Scraped caption text data
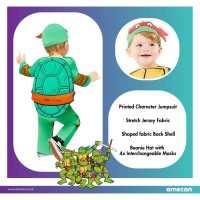 Ninja Turtles baby peuter carnaval kostuum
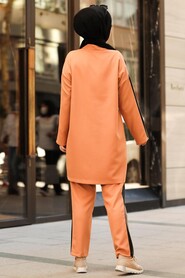 Sunuff Colored Hijab Casual Suit 1297TB - 3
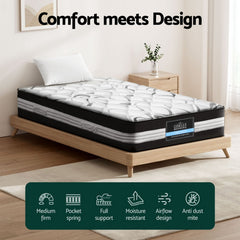 Giselle Pocket Spring Bamboo Wool Mattress – King Single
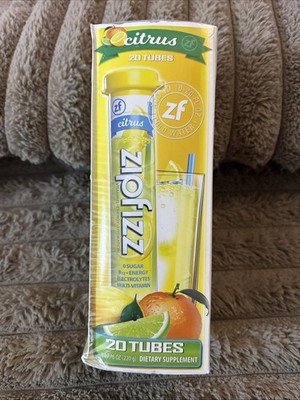 Energy Drink Mix, Citrus, 20 Tubes, 0.39 oz (11 g) Each - 09/26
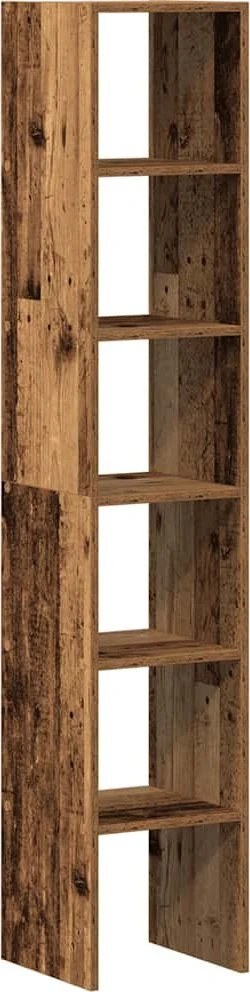 Knygų spintos, 2vnt., sukraun., medienos, 30x30x80cm, mediena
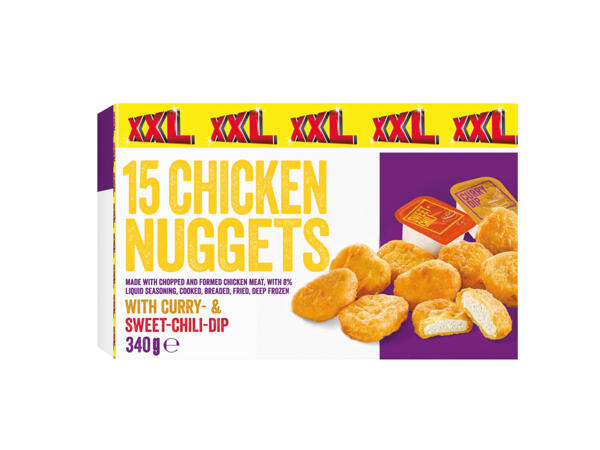 Nuggets med dipp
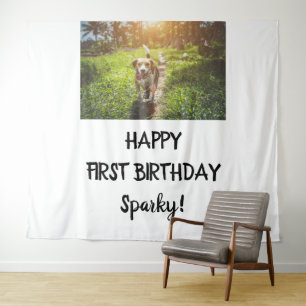 Tapiz Fondo para Fotomatón de Cumpleaños de Cachorro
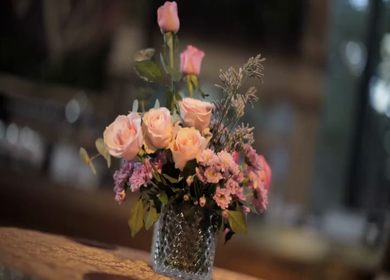A Slow Motion Shot of an Indian Wedding Venue Decoration in India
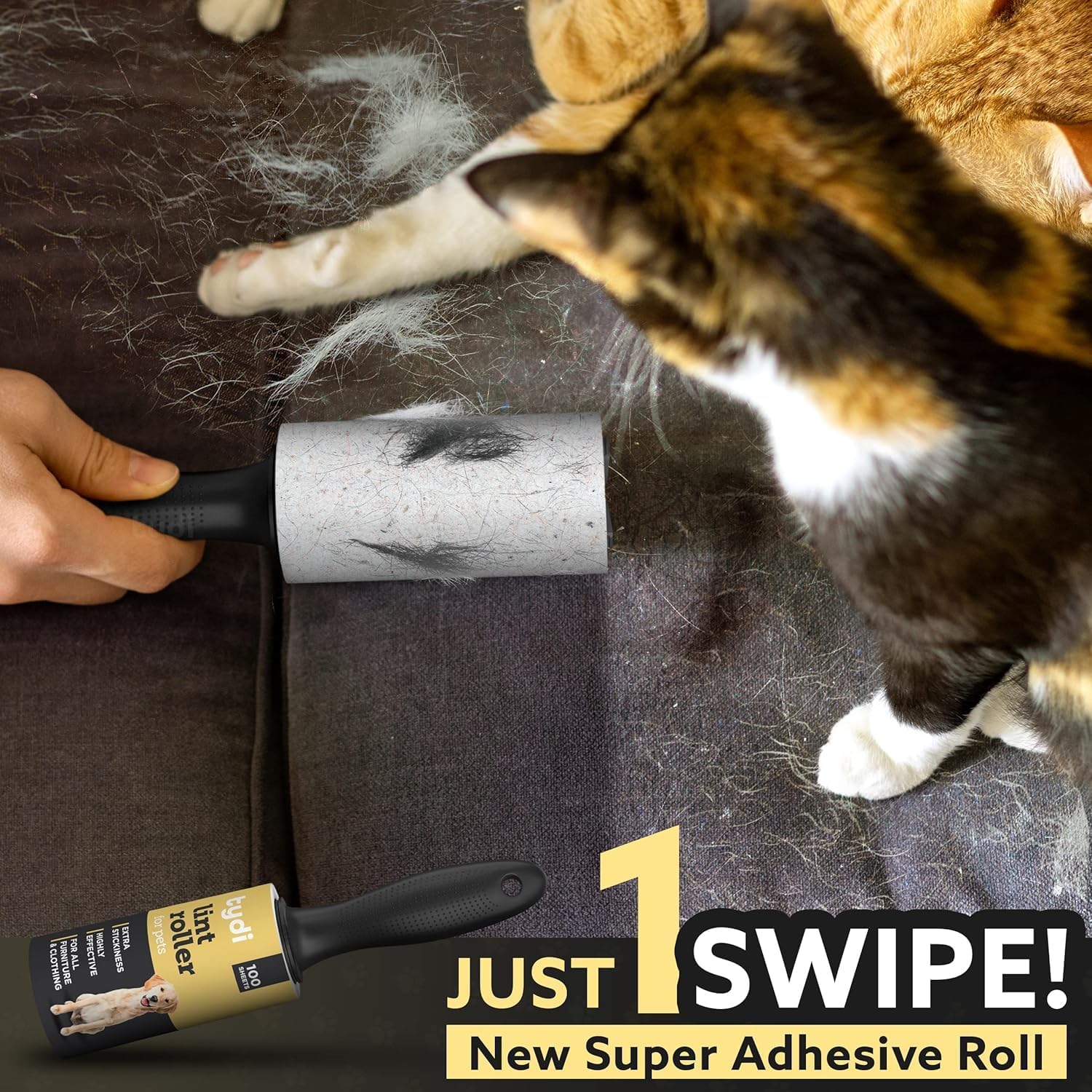 Tydi Pet Lint Roller Value Pack | PetNestUK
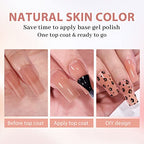 BTArtbox Gel Nail Tips Long Square - Press On Nails 600pcs 5 Colors XCOATTIPS Natural Fake Nails with Pre-applied Tip Primer Cover,Pre-colored 15 Sizes Soft Gel False Nails for Nail Art DIY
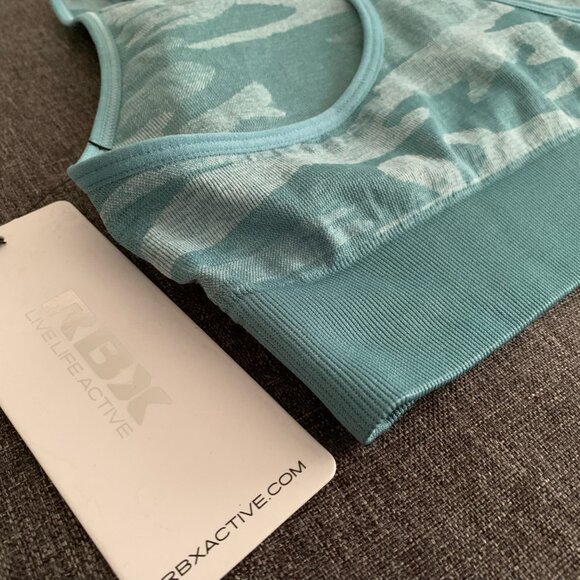 RBX Active Women's Racerback Low Impact Camo Sports Bra - Picture 7 of 12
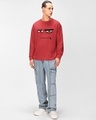 Shop Men's Red Angry Zip Graphic Printed Oversized T-shirt-Design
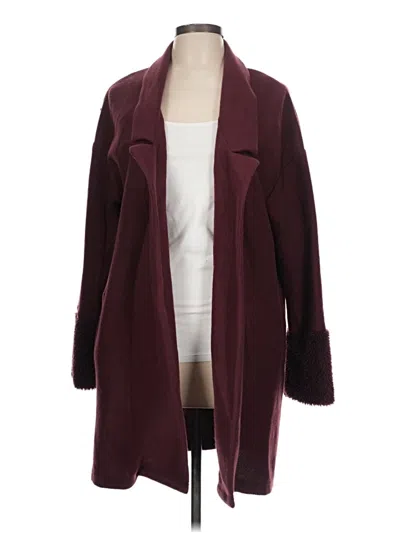 Pre-owned Z Supply Cardigan Sweater In Burgundy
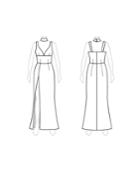 Customize: Close Waist Cutouts - Fame And Partners Maxi Dress With Separate Collar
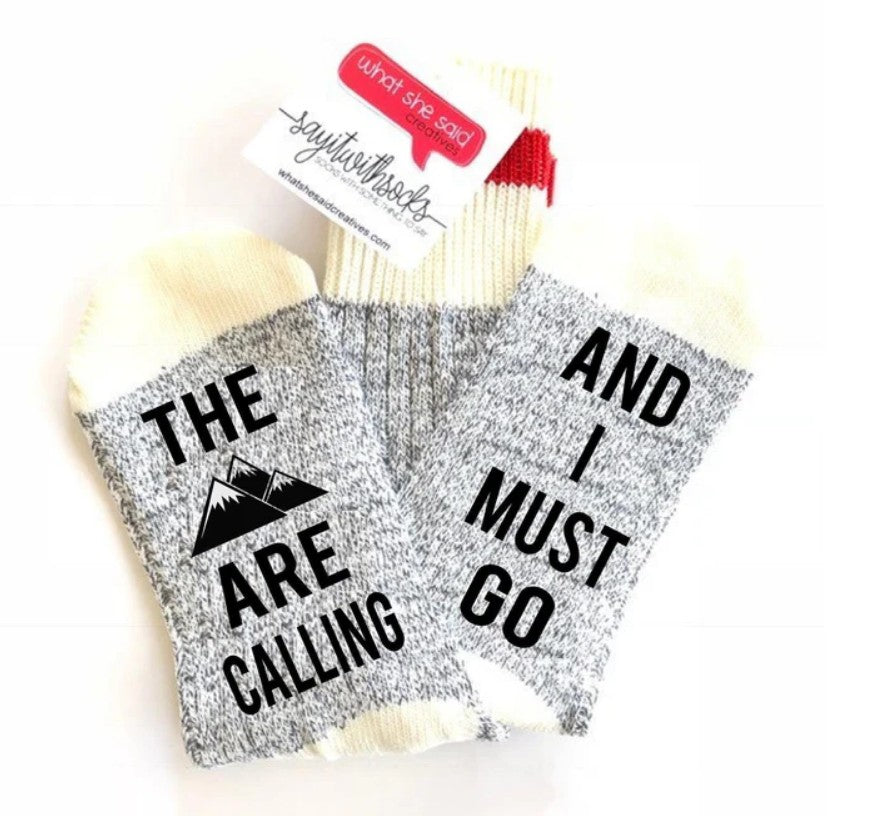 Mountains Are Calling Socks
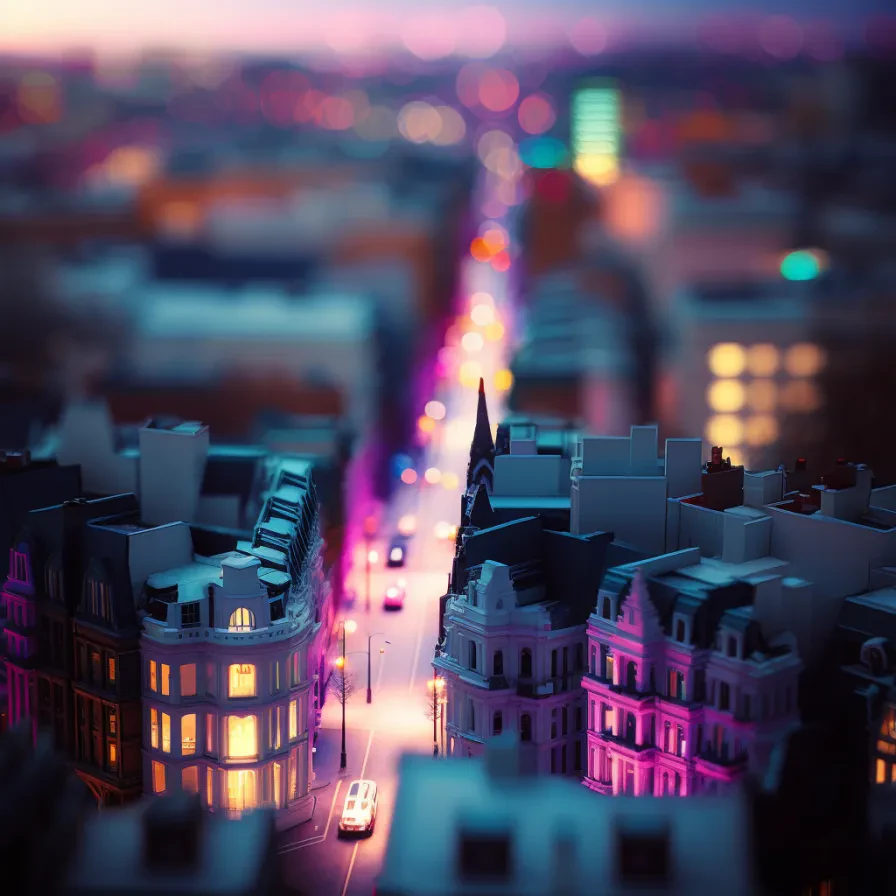 Metropolis Nocturne: Whispered Luminance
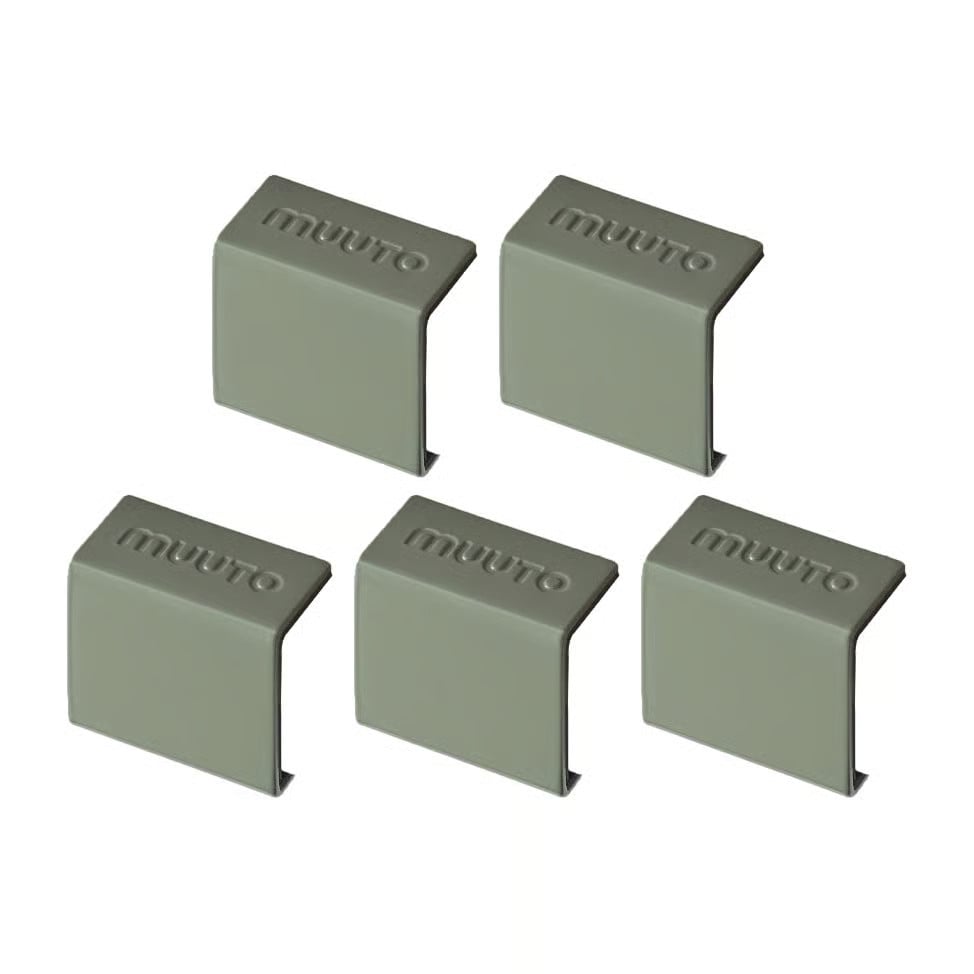 Muuto Mini Stacked 2.0 Clips - 5 stuks - Groen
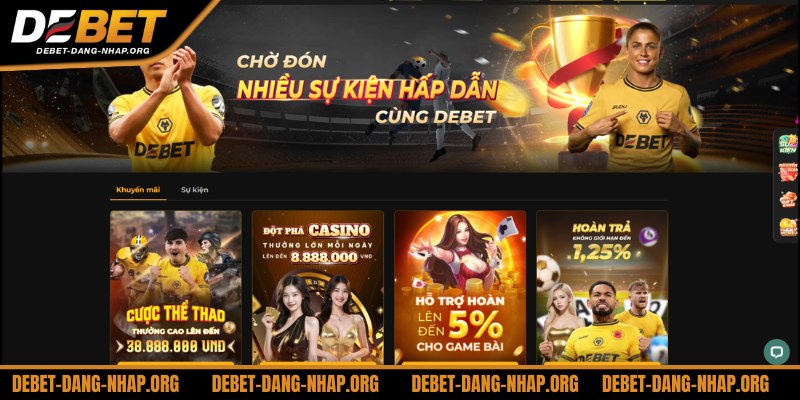các chương trình khuyến mãi debet đỉnh cao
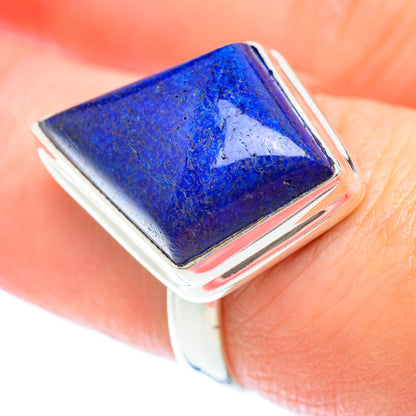 Lapis Lazuli Rings handcrafted by Ana Silver Co - RING52990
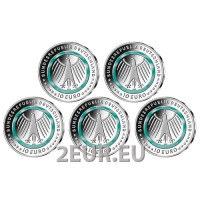 Deutschland 10 Euro UNC 2022 – Im Dienst der Gesellschaft – Pflege - ADFGJ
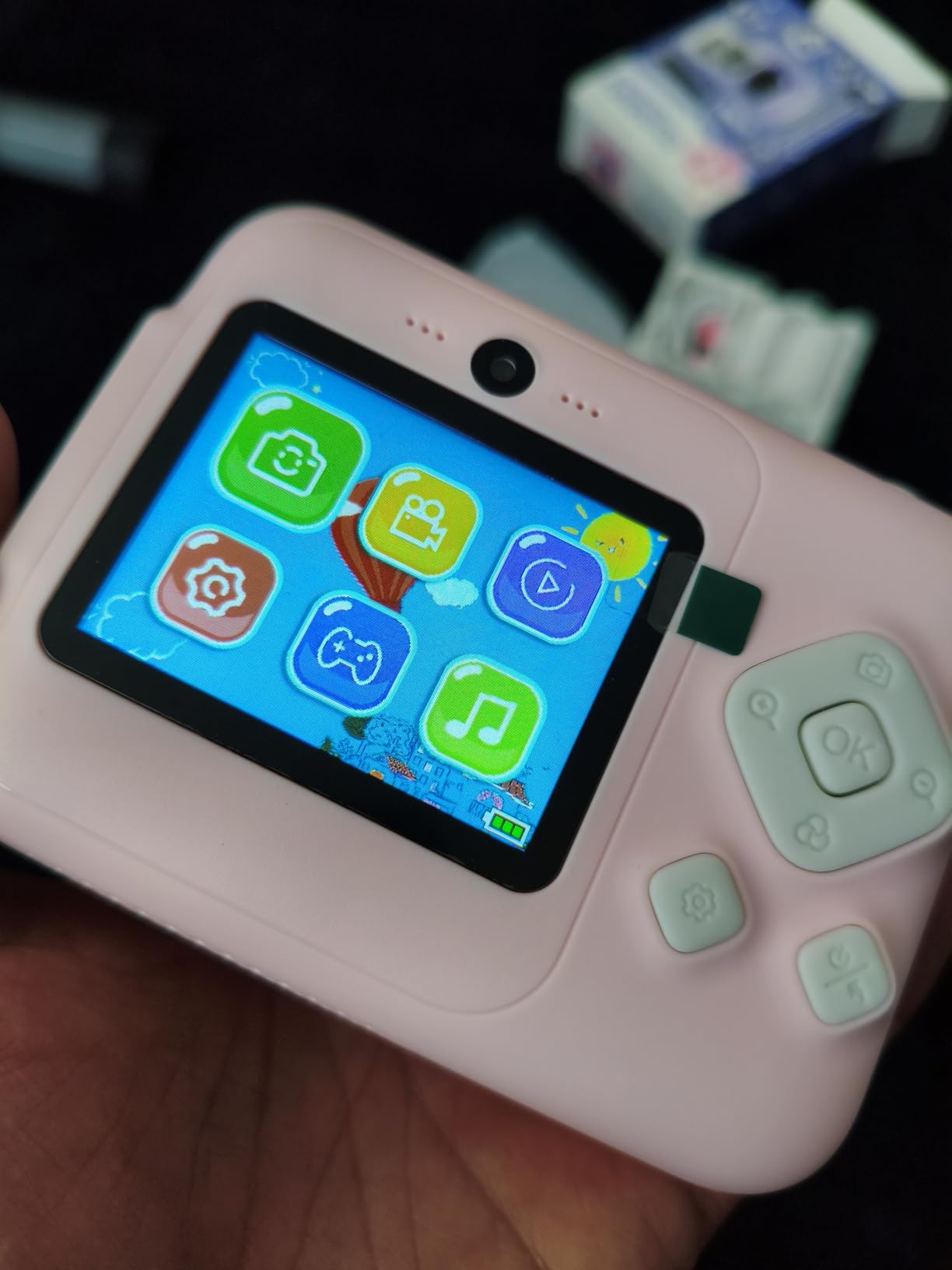 Kids Camera, 1080P Instant Digital Print Camera for Kids, Christmas Birthday Gifts for 4 5 6 7 8 9 10 Year Old Girls Boys, Portable Toy with 32GB SD Card & 3 Rolls Printing Paper, Pink - Customer Photo 3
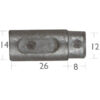 5127528_ anode with head plug aifo-fiat engine pencil 4x26mm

### [WHAT YOU HAVE TO DO]
Copy every line of the data word for word, omitting the images.

### [TASK ANSWER]
 Ninja Turtles baby peuter carnaval kostuum
 Sunuff Colored Hijab Casual Suit 1297TB - 3
 Giselle Pocket Spring Bamboo Wool Mattress – King Single
 Energy Drink Mix, Citrus, 20 Tubes, 0.39 oz (11 g) Each - 09/26
 Knygų spintos, 2vnt., sukraun., medienos, 30x30x80cm, mediena
 Nuggets med dipp
 Tapiz Fondo para Fotomatón de Cumpleaños de Cachorro
A Slow Motion Shot of an Indian Wedding Venue Decoration in India
 Tydi Pet Lint Roller Value Pack | PetNestUK
 BTArtbox Gel Nail Tips Long Square - Press On Nails 600pcs 5 Colors XCOATTIPS Natural Fake Nails with Pre-applied Tip Primer Cover,Pre-colored 15 Sizes Soft Gel False Nails for Nail Art DIY
 RBX Active Women's Racerback Low Impact Camo Sports Bra - Picture 7 of 12
 Shop Men's Red Angry Zip Graphic Printed Oversized T-shirt-Design
 Pre-owned Z Supply Cardigan Sweater In Burgundy
 Customize: Close Waist Cutouts - Fame And Partners Maxi Dress With Separate Collar
 Mountains Are Calling Socks
 Metropolis Nocturne: Whispered Luminance
 Muuto Mini Stacked 2.0 Clips - 5 stuks - Groen
các chương trình khuyến mãi debet đỉnh cao
 Lapis Lazuli Rings handcrafted by Ana Silver Co - RING52990
 Deutschland 10 Euro UNC 2022 – Im Dienst der Gesellschaft – Pflege - ADFGJ
 Kids Camera, 1080P Instant Digital Print Camera for Kids, Christmas Birthday Gifts for 4 5 6 7 8 9 10 Year Old Girls Boys, Portable Toy with 32GB SD Card & 3 Rolls Printing Paper, Pink - Customer Photo 3
 5127528_ anode with head plug aifo-fiat engine pencil 4x26mm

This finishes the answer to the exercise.